Getting your executive and leadership teams on board with these basic principles ensures they understand what they can and cannot do while remaining compliant with the provider-based rule. In particular, the recent changes in Section 603 of the Bipartisan Budget Act of 2015[2] (the Budget Act) affecting off-campus provider-based departments (OC-PBDs) have made this even more critical. Under the Budget Act, as of January 1, 2017, no OC-PBD may bill for hospital outpatient services under Hospital Outpatient Prospective Payment System (OPPS), unless (1) it is a dedicated emergency department or (2) it billed for covered outpatient services under OPPS prior to November 2, 2015, in which case the OC-PBD is “excepted” or “grandfathered.” Non-excepted locations currently receive 40% of the OPPS rate. CMS has recently indicated it is considering reducing payment at excepted locations for specified services and is seeking public comments on how to reduce payments for more services.
CMS proposed to reduce the payment rate for HCPCS Code G0463 Hospital Outpatient Clinic Visit to 40% of the OPPS rate and also proposed to pay 100% of the OPPS rate at excepted locations only for services furnished in the same “clinical families” as the location furnished during a “baseline period,” which is November 1, 2014, to November 1, 2015, for most locations. It remains to be seen whether CMS will finalize these proposed payment cuts.[3]
CMS has interpreted the Budget Act to mean that an excepted OC-PBD will lose its excepted status and no longer receive the full OPPS reimbursement if it relocates to a new address or is sold separately from the whole hospital. CMS created a narrow exceptions process to allow OC-PBDs that relocate due to extraordinary circumstances outside their control to continue to receive the full OPPS reimbursement, however.[4]

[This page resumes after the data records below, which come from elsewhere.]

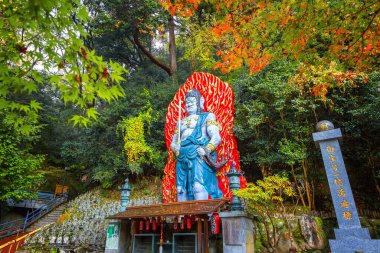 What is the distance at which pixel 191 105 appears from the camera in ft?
30.8

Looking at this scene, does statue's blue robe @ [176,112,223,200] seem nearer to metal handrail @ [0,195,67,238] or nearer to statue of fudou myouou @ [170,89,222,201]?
statue of fudou myouou @ [170,89,222,201]

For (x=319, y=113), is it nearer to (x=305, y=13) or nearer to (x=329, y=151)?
(x=329, y=151)

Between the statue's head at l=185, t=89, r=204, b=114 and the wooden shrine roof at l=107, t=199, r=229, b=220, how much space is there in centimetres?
395

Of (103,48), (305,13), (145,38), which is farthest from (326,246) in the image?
(103,48)

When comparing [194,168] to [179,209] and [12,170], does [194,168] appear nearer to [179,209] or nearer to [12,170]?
[179,209]

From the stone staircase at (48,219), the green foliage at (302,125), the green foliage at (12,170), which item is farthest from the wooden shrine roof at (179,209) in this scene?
the stone staircase at (48,219)

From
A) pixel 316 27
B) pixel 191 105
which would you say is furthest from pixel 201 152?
pixel 316 27

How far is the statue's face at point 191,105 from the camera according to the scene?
934cm

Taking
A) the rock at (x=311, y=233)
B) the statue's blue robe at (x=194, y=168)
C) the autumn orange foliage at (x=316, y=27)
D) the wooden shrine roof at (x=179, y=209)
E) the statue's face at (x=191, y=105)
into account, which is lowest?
the rock at (x=311, y=233)

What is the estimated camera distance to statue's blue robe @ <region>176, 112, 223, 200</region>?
7.93 metres

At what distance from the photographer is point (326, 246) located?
6.43 m

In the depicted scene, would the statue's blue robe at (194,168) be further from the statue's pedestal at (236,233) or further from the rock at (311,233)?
the rock at (311,233)

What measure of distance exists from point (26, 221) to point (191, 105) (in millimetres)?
8908

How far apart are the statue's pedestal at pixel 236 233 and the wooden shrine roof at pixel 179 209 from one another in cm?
37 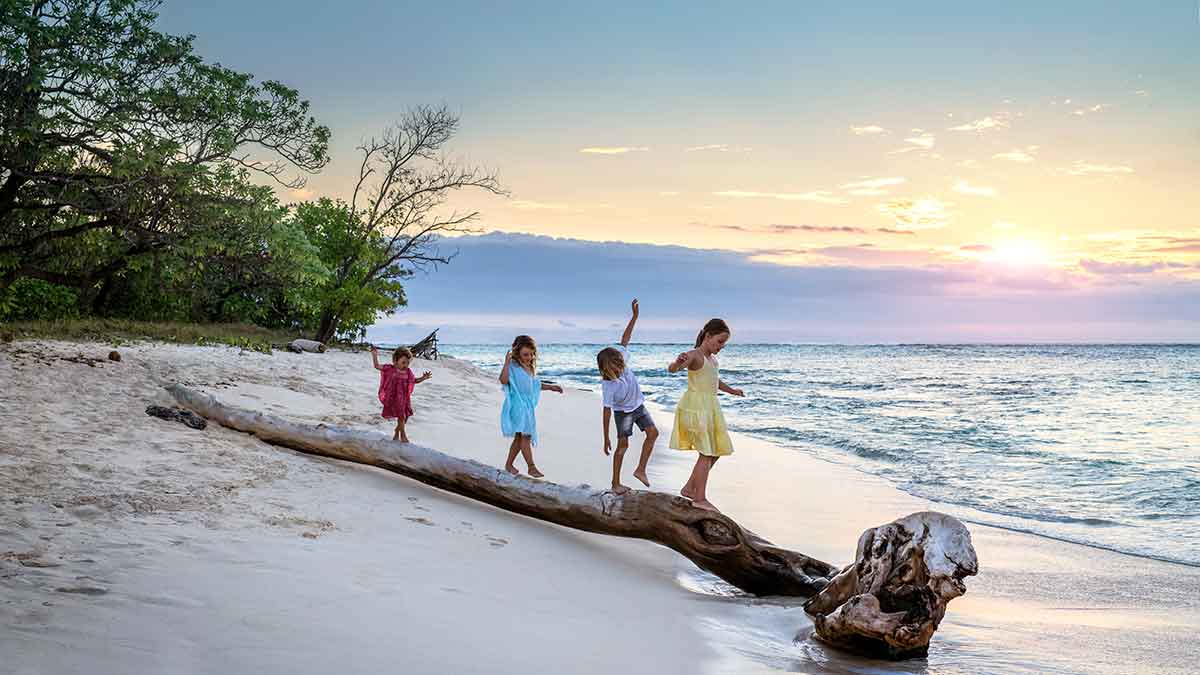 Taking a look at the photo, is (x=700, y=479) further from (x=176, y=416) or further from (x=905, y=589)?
(x=176, y=416)

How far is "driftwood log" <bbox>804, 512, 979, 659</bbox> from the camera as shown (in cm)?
557

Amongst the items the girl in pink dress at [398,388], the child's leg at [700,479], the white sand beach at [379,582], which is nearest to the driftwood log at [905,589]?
the white sand beach at [379,582]

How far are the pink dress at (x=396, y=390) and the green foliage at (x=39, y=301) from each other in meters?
18.1

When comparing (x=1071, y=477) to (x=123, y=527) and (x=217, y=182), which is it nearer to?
(x=123, y=527)

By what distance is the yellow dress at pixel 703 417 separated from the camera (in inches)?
385

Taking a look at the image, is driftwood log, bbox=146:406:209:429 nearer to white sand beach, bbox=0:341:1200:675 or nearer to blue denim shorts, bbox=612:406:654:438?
white sand beach, bbox=0:341:1200:675

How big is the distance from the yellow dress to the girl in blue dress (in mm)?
1744

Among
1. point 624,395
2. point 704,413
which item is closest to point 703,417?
point 704,413

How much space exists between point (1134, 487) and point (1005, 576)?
728cm

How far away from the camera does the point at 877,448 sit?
18.8m

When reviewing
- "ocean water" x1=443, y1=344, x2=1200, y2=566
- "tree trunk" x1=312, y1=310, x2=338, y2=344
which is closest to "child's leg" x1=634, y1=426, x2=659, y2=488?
"ocean water" x1=443, y1=344, x2=1200, y2=566

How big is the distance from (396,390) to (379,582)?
6.90 metres

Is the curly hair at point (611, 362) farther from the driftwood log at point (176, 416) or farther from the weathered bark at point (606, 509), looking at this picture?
the driftwood log at point (176, 416)

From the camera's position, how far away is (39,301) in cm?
2739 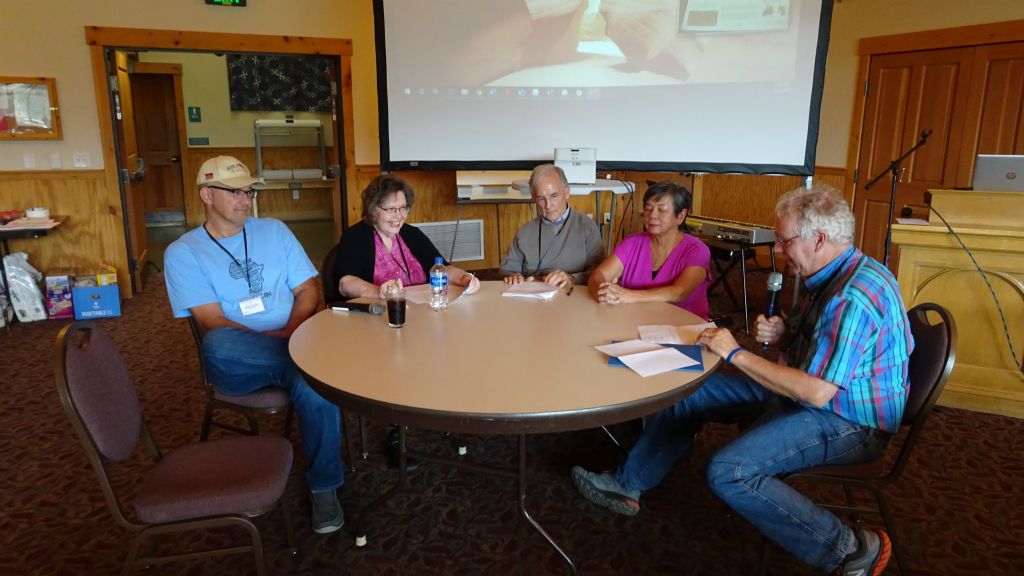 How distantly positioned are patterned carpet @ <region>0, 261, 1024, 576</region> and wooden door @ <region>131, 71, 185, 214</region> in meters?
6.99

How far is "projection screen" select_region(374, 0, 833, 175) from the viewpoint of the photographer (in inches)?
152

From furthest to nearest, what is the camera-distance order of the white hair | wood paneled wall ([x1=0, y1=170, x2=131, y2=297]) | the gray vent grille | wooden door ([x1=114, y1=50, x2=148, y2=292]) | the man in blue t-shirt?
the gray vent grille
wooden door ([x1=114, y1=50, x2=148, y2=292])
wood paneled wall ([x1=0, y1=170, x2=131, y2=297])
the man in blue t-shirt
the white hair

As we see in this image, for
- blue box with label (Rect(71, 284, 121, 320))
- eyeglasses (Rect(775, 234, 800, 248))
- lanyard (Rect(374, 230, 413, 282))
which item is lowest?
blue box with label (Rect(71, 284, 121, 320))

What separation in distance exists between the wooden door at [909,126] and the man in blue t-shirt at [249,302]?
4.65m

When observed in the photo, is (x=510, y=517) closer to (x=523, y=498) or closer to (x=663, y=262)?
(x=523, y=498)

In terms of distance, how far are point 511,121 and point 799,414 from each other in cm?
314

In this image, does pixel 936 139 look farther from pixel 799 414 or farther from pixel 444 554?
pixel 444 554

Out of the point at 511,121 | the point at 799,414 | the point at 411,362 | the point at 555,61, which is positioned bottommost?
the point at 799,414

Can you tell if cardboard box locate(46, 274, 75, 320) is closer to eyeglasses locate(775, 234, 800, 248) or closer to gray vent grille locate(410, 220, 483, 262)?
gray vent grille locate(410, 220, 483, 262)

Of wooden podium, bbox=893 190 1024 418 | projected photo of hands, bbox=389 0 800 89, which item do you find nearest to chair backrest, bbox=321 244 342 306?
projected photo of hands, bbox=389 0 800 89

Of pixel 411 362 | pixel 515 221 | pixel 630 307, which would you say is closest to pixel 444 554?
pixel 411 362

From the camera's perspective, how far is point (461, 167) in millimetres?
4496


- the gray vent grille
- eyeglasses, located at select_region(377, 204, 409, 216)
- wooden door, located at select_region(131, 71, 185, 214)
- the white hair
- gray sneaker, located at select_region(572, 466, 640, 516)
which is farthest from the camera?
wooden door, located at select_region(131, 71, 185, 214)

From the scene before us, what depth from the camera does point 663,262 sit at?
2686 millimetres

Due to the Budget Act changes, as well as CMS’s interpretive guidance, relocating excepted OC-PBDs may not be possible if the hospital wants to continue to receive 100% of the OPPS reimbursement for services furnished in the OC-PBD, unless the new location is excepted. If a move is from off-campus to “on-campus” (as defined below), however, OPPS reimbursement may continue, because the Budget Act changes affected only OC-PBDs rather than on-campus departments. When planning any relocations, it is important to make sure leadership is aware that moving excepted OC-PBDs may result in reduced reimbursement.
Auditing
It is very easy to read through a provider-based status attestation and conclude, “Yep, we comply and can check ‘yes’ in all the boxes.” But auditing compliance with provider-based status is more than just completing the attestation. Below are a number of key audit tips to help guide you and your leadership teams through the not-so-obvious requirements. But before you get started, get organized! Developing an audit template is imperative to staying organized and making the audit a success. Start by using the CMS provider-based attestation requirements as the basis of the template. A sample audit template is provided as Figure 1 (on pages 84-87) for your reference. The tips and the audit template provided are not intended to be an exhaustive list of compliance steps to meet the provider-based rule.
Audit tip 1: Locations
Create a master list of all provider-based departments. Do you even know where all of your provider-based departments are physically located and if they are on-campus or off-campus? CMS requires all on-campus departments to be within 250 yards of the main provider and all OC-PBDs to be within 35 miles of the main provider. Developing (and maintaining) a master list will help you determine the location of your departments; it will also help you determine which modifier must be used to bill for services furnished in each provider-based department (See Audit tip 4 for explanation of modifiers). In addition, if a provider-based department wants to move, you can determine the impact of moving on provider-based compliance and reimbursement.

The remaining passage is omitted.